De golpe se hicieron las ocho de la noche y ya Claudia estaba lista para salir con Joaquín, ¿Cómo?, ella no sabe, es como si hubiese actuado de forma mecánica durante todo ese día, ya que su mente planeaba una y otra vez como solicitarle a él el papel que ella necesitaba que cumpliera. En sí eso no era cosa fácil.
A las nueve en punto de la noche, tal como estaba planteado, Joaquín la pasó buscando, salen a un bar, beben, bailan, escuchan música en vivo, comparten una que otra caricia acompañada de un beso. Él tranquilo disfrutando, como si no pasara nada, ella en cambio absorta tratando de ubicarse en el contexto.

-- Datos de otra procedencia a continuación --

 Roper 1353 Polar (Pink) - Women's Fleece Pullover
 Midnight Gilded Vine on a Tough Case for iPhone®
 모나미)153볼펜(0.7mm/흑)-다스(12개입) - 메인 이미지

“¿Qué pensará de mí Joaquín si le planteo lo que tengo pensado?, ¡ay no!, ya me estoy creando un meollo en mi cabeza”, decía a sí misma Claudia.
Ella y Joaquín mantenían una relación libre, sin ataduras, pero en la realidad a él le daba fastidio complicarse la vida en ver a otras mujeres, se conformaba con Claudia, aunque ella no fuera el prototipo con la que él pensaba compartir, pero llenaba en gran medida sus expectativas. Quizás el temor a involucrarse seriamente era lo que mantenía sus sentimientos alejados, pero ahí estaban, latentes, como pólvora instalada para ser encendida con el más mínimo asomo de fuego. Bastaba la palabra que diera luz “verde” y el panorama cambiaría. Para Joaquín no sería problema, no era un hombre muy complicado, al contrario poco exigente y sencillo en su vivir.

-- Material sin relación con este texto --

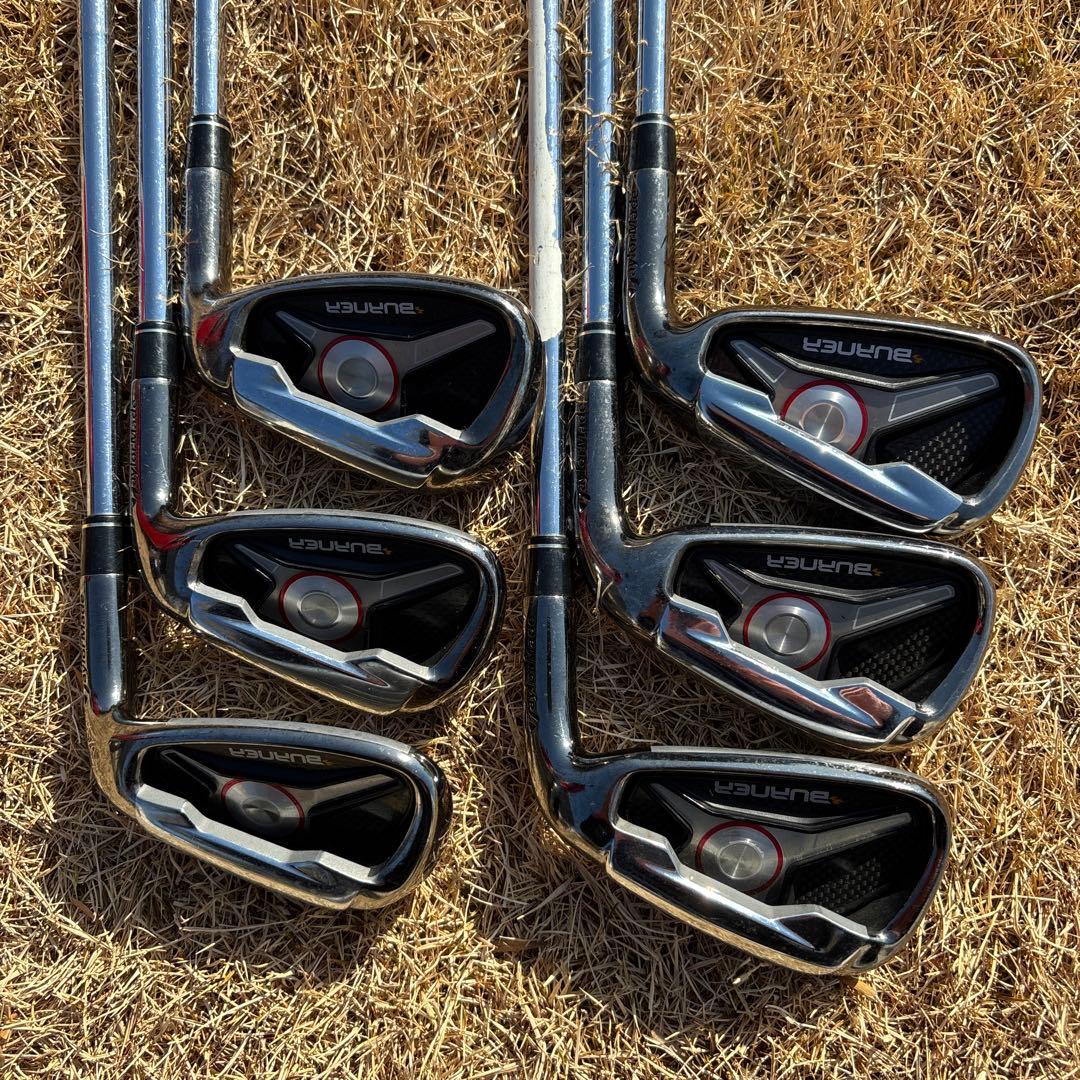 テーラーメイド バーナー アイアンセット 6本セット スチールシャフト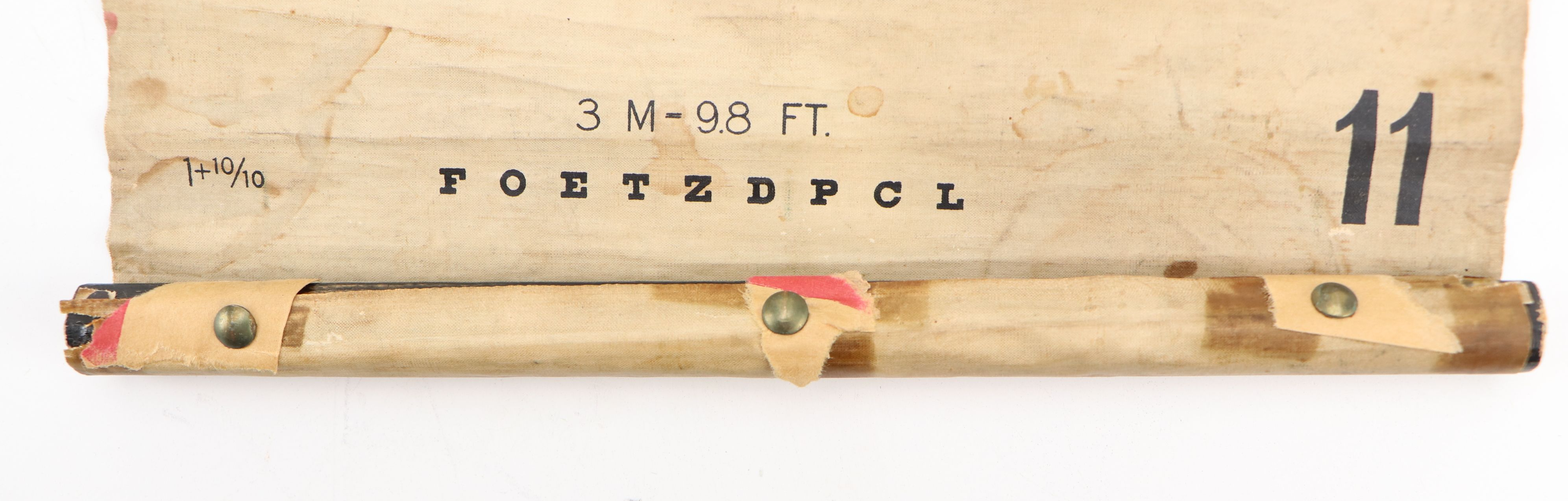 F.A. Hardy & Co. Snellen Eye Chart, Mid-20th Century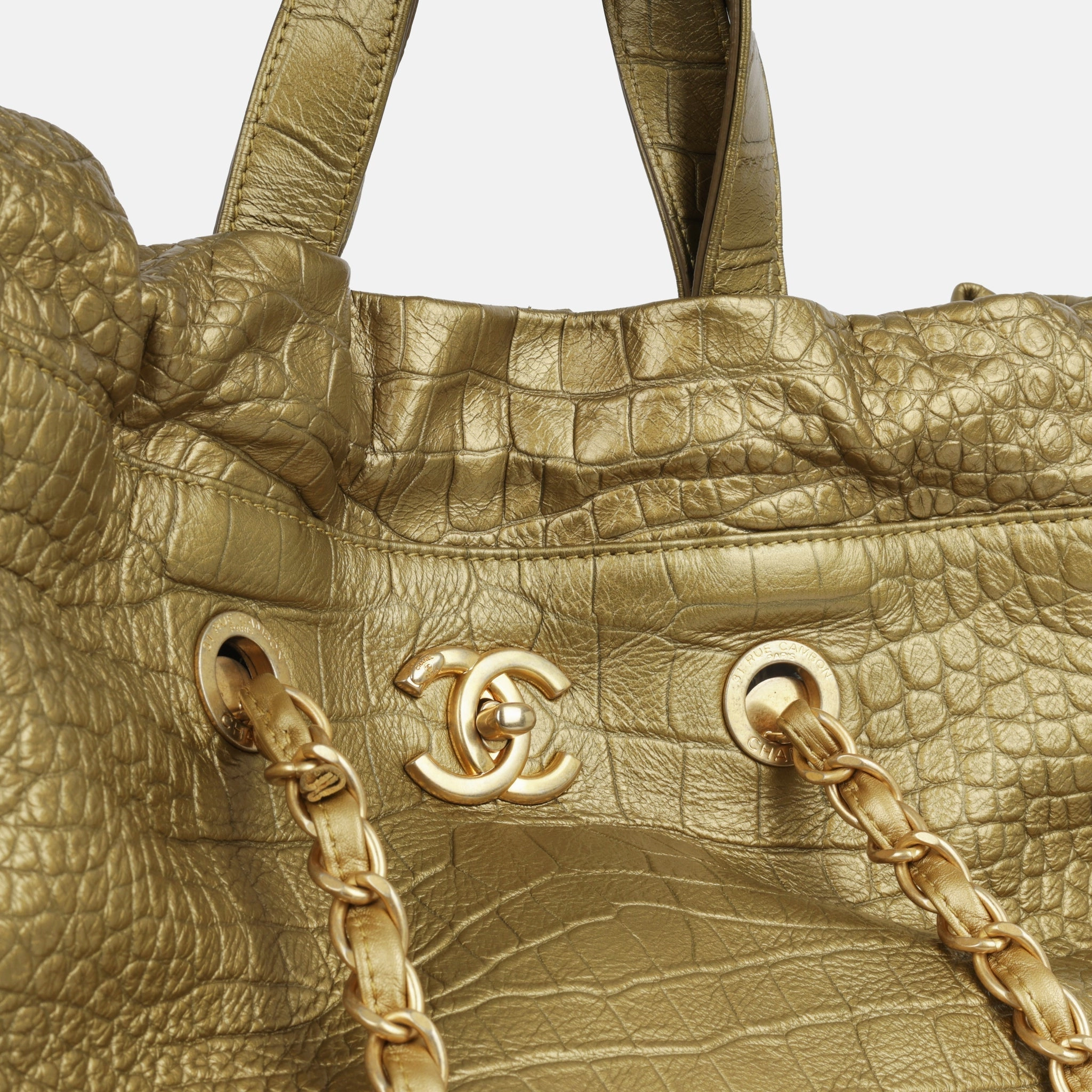 Chanel Large Drawstring Hobo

Se acabó el baile, los tragos, la música en vivo, y llegó el momento de marchar hacia la parte cumbre de la cita. Joaquín ésta vez fue al apartamento de Claudia decidido a quedarse esa noche allí, amanecer con ella como otras tantas veces.

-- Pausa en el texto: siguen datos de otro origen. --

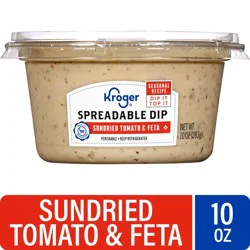 Kroger Sundried Tomato Feta Dip, 10 oz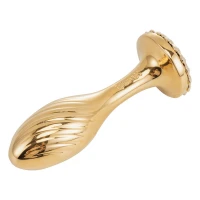 Металева анальна пробка LOCKINK SEVANDA Pearl Pear-shape Anal Plug, зі штучною перлиною — Переглянути зображення 4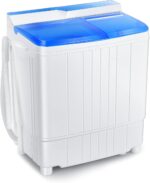 Giantex Transportable Washing Machine, Twin Tub Washer and Dryer Combo, 13l... - Image 2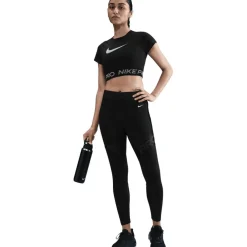 Nike Pro SS shirt dames black white white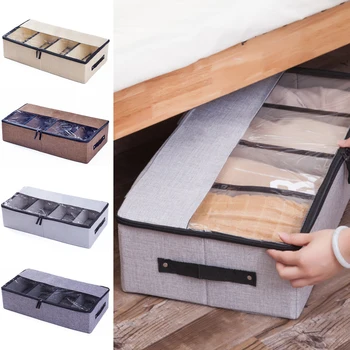 

Oxford Foldable Underwear Bra Socks Closet Storage Box Drawer Storage Wardrobe Organizer Shoes Partition Container With Cover
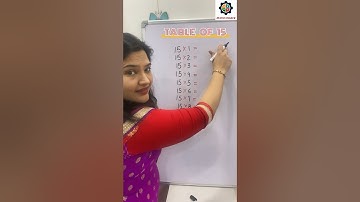 ❤️Easy Trick to Learn Table of 15/ Multiplication Table of 15/Maths Tables/Pahada#shortsfeed #shorts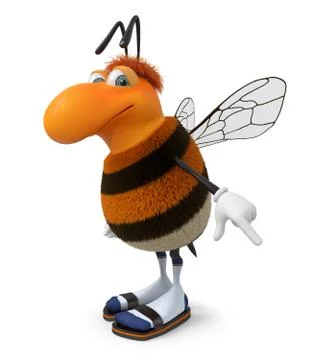 3d picture bumblebee Stock Illustration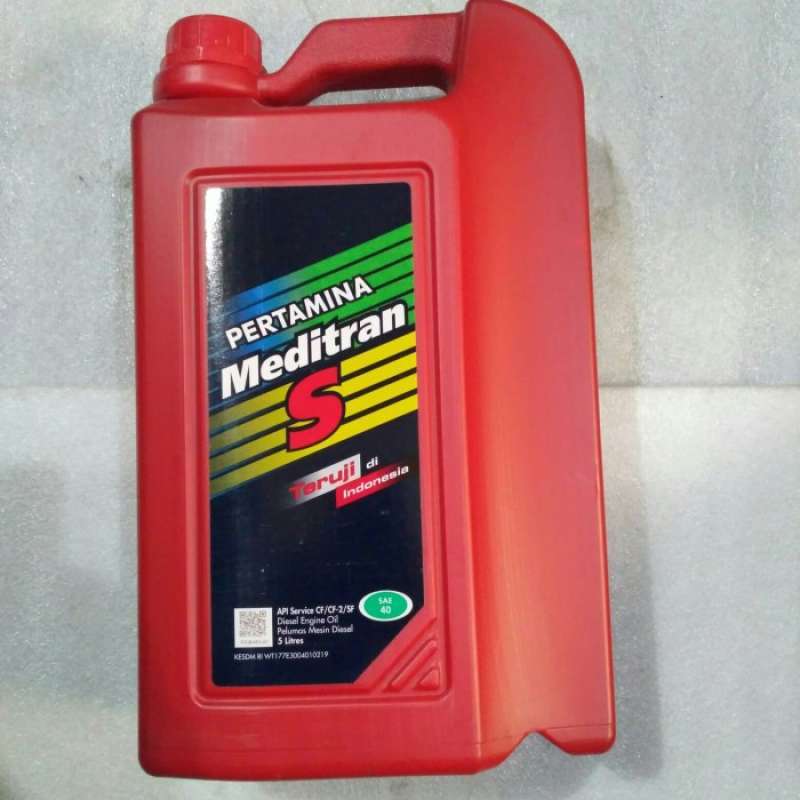 Promo oli diesel Pertamina mediteran S SAE 40 5liter Diskon 23% di ...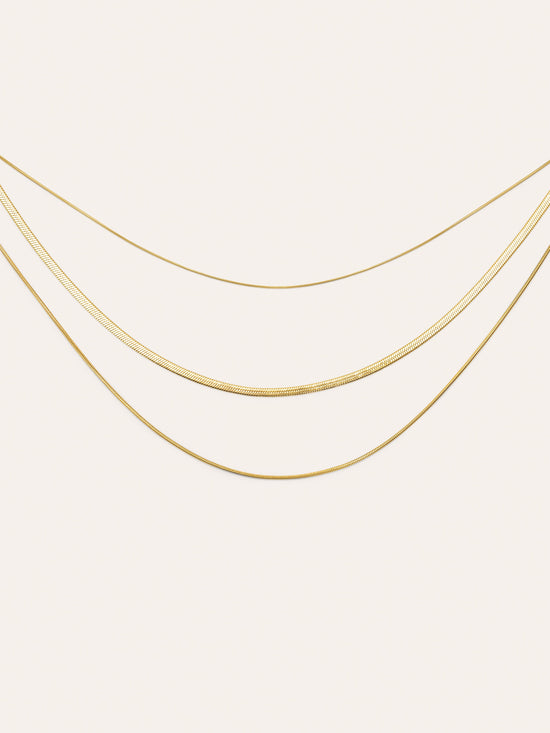 Collar Maat Acero Baño Oro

Otra vez comenzó el tango, Joaquín mismo colocó la música adecuada, graduó la luz a una forma tenue, mientras el cuerpo de Claudia se dejaba llevar, pero su pensamiento no estaba allí, estaba en otra galaxia, aquella del plan que ahogaba su garganta de sólo pensar confesarlo.
Él tomó sus mano y muy al estilo medieval besó ambas mientras se arrodillaba para luego imprimir otro beso sobre la figura de las piernas que se dejaban ver a través de la tela del pantalón, después aferrarse a sus caderas y así subir sus manos lentamente sobre su cuerpo hasta apoderarse de su cuello con un largo beso para completar la estimulación. El cuerpo de Claudia respondía, disfrutaba, pero su ser espiritual no estaba allí, padecía de la bruma de pensamientos que no se paraban pensando una y otra vez cómo decírselo, ella simplemente sentía, seguía el vaivén que le invitaba Joaquín.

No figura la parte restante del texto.